Innovation seems to be another of her driving forces and with a portfolio spanning TV, catwalk and editorial to name a few, Lisa embraced the use of social media and digital platforms early on. Today her YouTube channel has over a million subscribers. When asked why beauty and makeup has become so popular in today’s culture Eldridge explained it’s all about accessibility:
“It just became such a nice way for women to learn about makeup – before you just read about it in magazines, but you were never able to see it happen, how to hold the brush and where your arm goes when you put makeup on. Twenty years ago women would have a kind of set makeup look and just stick to it, but now women are a lot more experimental – social media has definitely helped that a lot.”
Lisa had been stealthily vlogging for three years before its widespread popularity, mostly through word of mouth from loyal fans advocating videos to friends and family. At a time when the fashion industry was snobbish towards the use of social media, Lisa explained to her counterparts that this was not for people in fashion but everyday people. Now even her top celebrity clients rave about her videos and use them to create their own looks.
It was only a matter of time before Lisa was approached to write a book, the theme of which came about from a personal hobby – collecting historical stories and vintage makeup. Saving the how-tos for her YouTube channel, her first publication Face Paint focuses instead on the history of makeup, an untouched subject in mainstream media. It features industry stories, makeup icons and visionaries across the ages, before delving into the future of makeup.
It is a fast moving time for cosmetic innovation and this will open up many jobs in the field of cosmetic science. There’s a real sense of excitement about the trajectory of technology in the beauty industry. Always dedicated to her field Lisa made it her business to learn about the science of makeup and sees product innovation as another creative outlet and currently in her role as Global Creative Director for Lâncome the interest is clear:
“I get the chance to say can we do this and it’s just so creative because it allows you to watch something develop and then you see it on the counter and then you’re like wow! – that’s another really creative process”
The burning question of the evening was the inevitable – what does it take to make it in this competitive industry?

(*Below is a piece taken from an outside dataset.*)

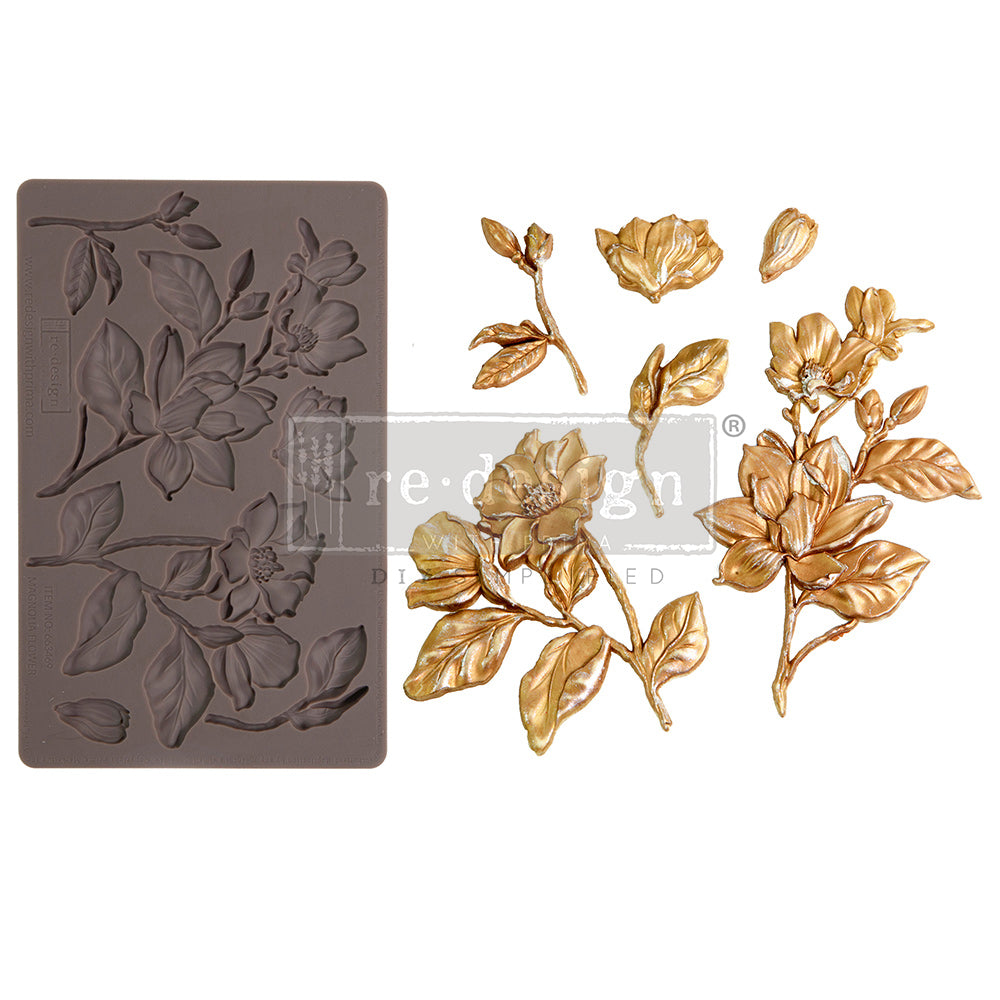 Magnolia Blooms - Decor Mould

Lisa advised:
“Be aware of your industry and be sure on which aspect of makeup you want to work in, so you can then seek out the right people on your level to collaborate with. Don’t wait for it to come to you.”
More specifically she outlined the need to be able to mirror people’s personality:
“For every job, you need to be able to judge the situation and being able to do that is as much part of the job as bringing ideas, researching and having references and all of that. You just need to be passionate about it, interested in it, but also very aware of being able to see a layer beyond that.”
One could ask what there is left for Lisa to be excited having already has so much success, but it is clear that the enthusiasm from her first shoot is still going strong.
With a desire to continue to explore the limits of makeup, and through all its creative forms, there’s no doubt that Lisa Eldridge will continue to be a leader in driving beauty innovation for years to come.